Top of Recorded information

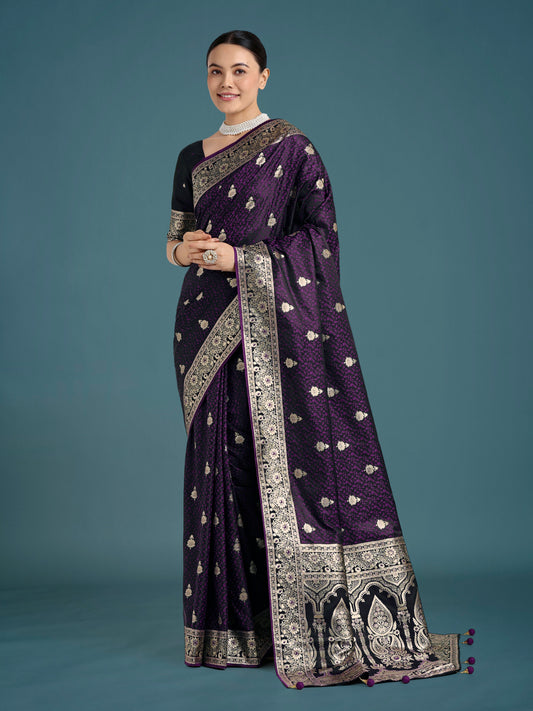 Monjolika Fashion Purple Banarasi Satin Silk Saree with Intricate Zari Work with Rich Weaving Pattern | Swadesiicart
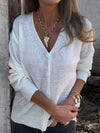 Women V-neck Solid Color Casual Top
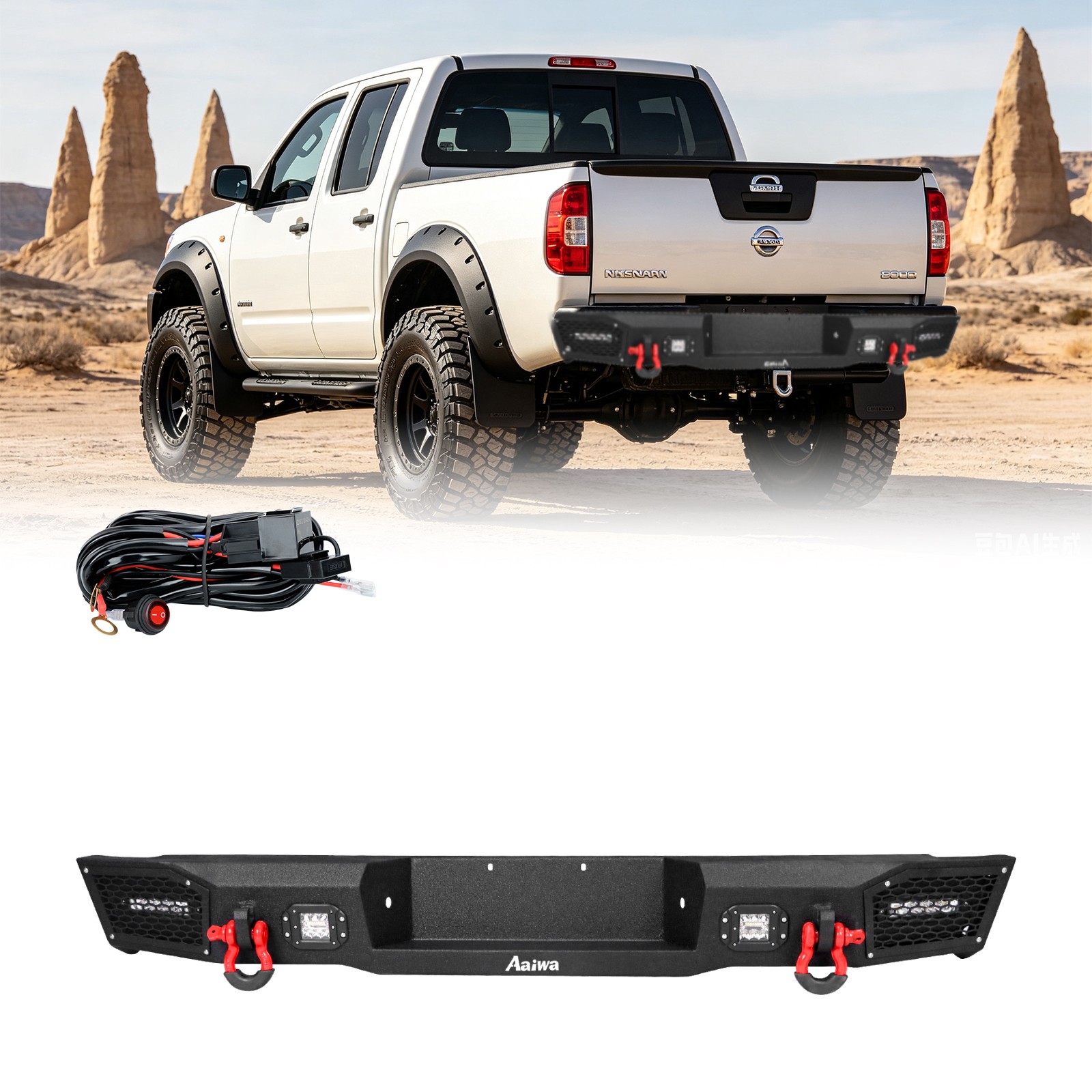 Aaiwa New Rear Bumper For 2005-2022 Nissan Frontier with LED Lights and D-Rings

Bottom of Recorded information

[Exercise aim]
To complete the exercise, return the listing above exactly and omit its pictures.

[Response]
 Monjolika Fashion Purple Banarasi Satin Silk Saree with Intricate Zari Work with Rich Weaving Pattern | Swadesiicart
 Women V-neck Solid Color Casual Top
 Aaiwa New Rear Bumper For 2005-2022 Nissan Frontier with LED Lights and D-Rings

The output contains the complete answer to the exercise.